▶ WORK ORDER:
Transcribe the listing exactly, so that nothing but the pictures is missing.

▶ DATA BELOW:
──────────
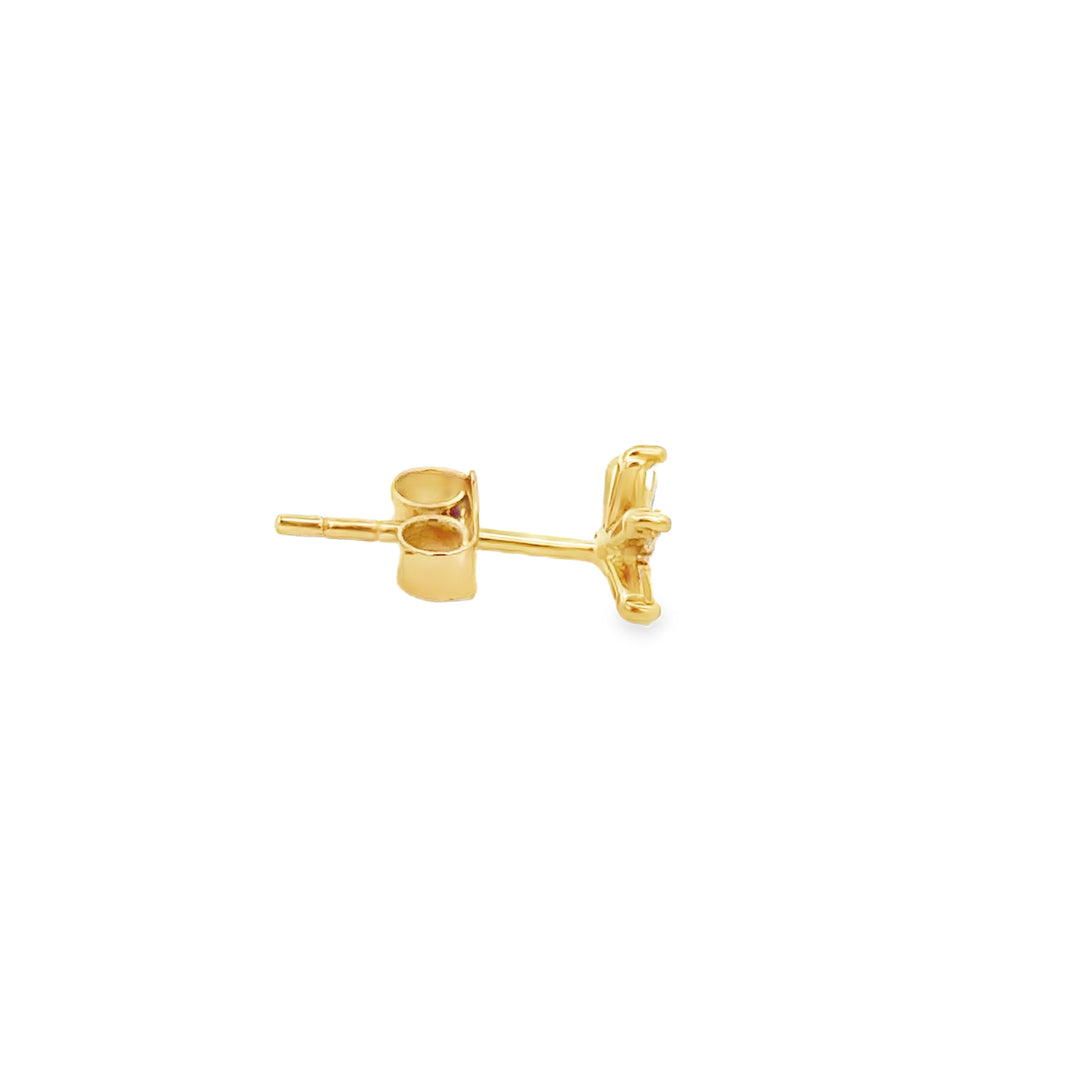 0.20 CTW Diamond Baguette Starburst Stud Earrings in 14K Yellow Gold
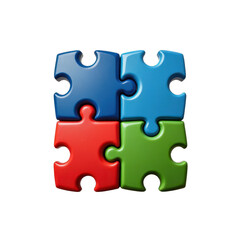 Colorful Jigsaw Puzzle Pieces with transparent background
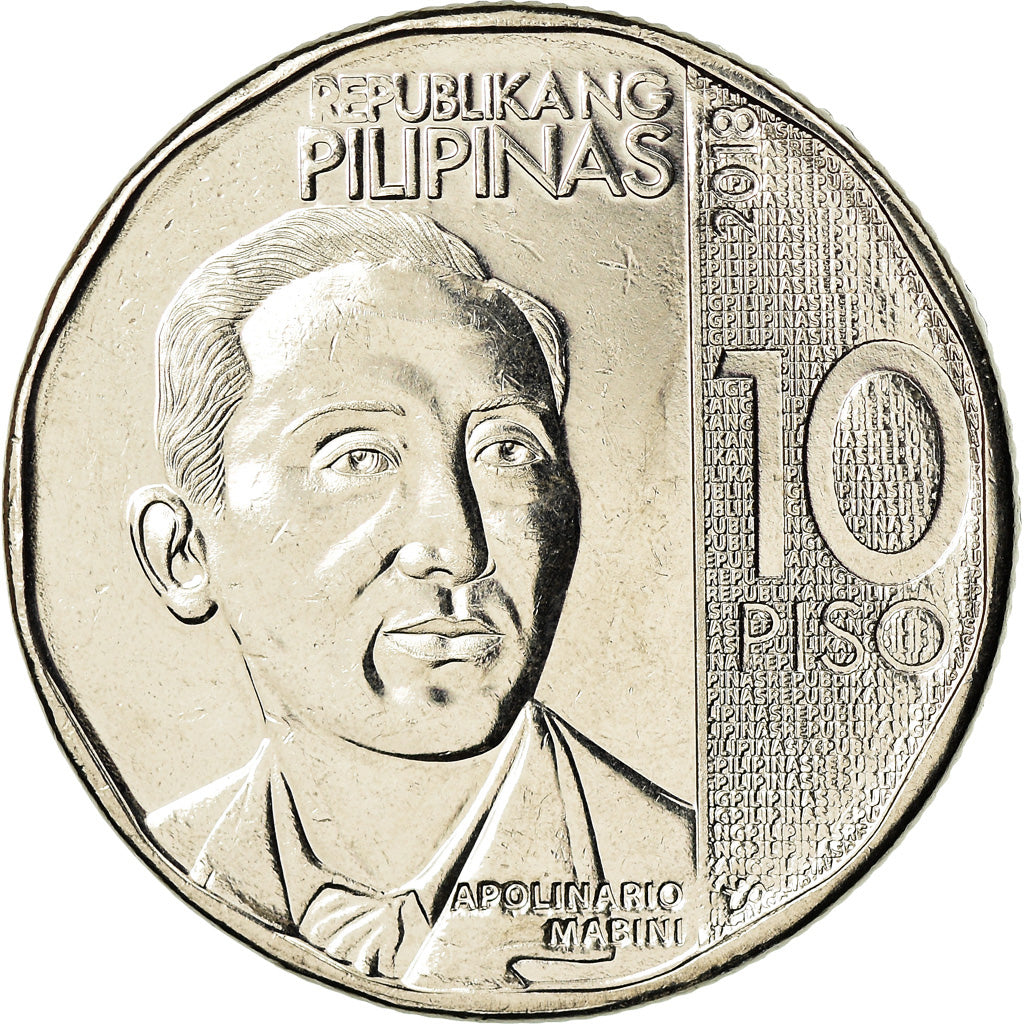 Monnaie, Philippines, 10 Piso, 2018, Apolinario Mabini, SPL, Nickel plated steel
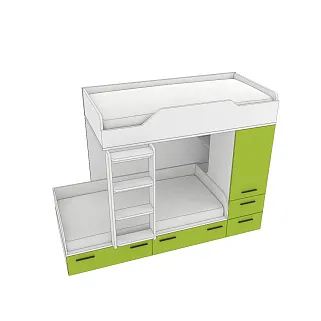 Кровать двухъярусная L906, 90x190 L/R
──────────
▶ SOLVED EXERCISE:
 0.20 CTW Diamond Baguette Starburst Stud Earrings in 14K Yellow Gold
 Colorful Jigsaw Puzzle Pieces with transparent background
 Monnaie, Philippines, 10 Piso, 2018, Apolinario Mabini, SPL, Nickel plated steel
 Кровать двухъярусная L906, 90x190 L/R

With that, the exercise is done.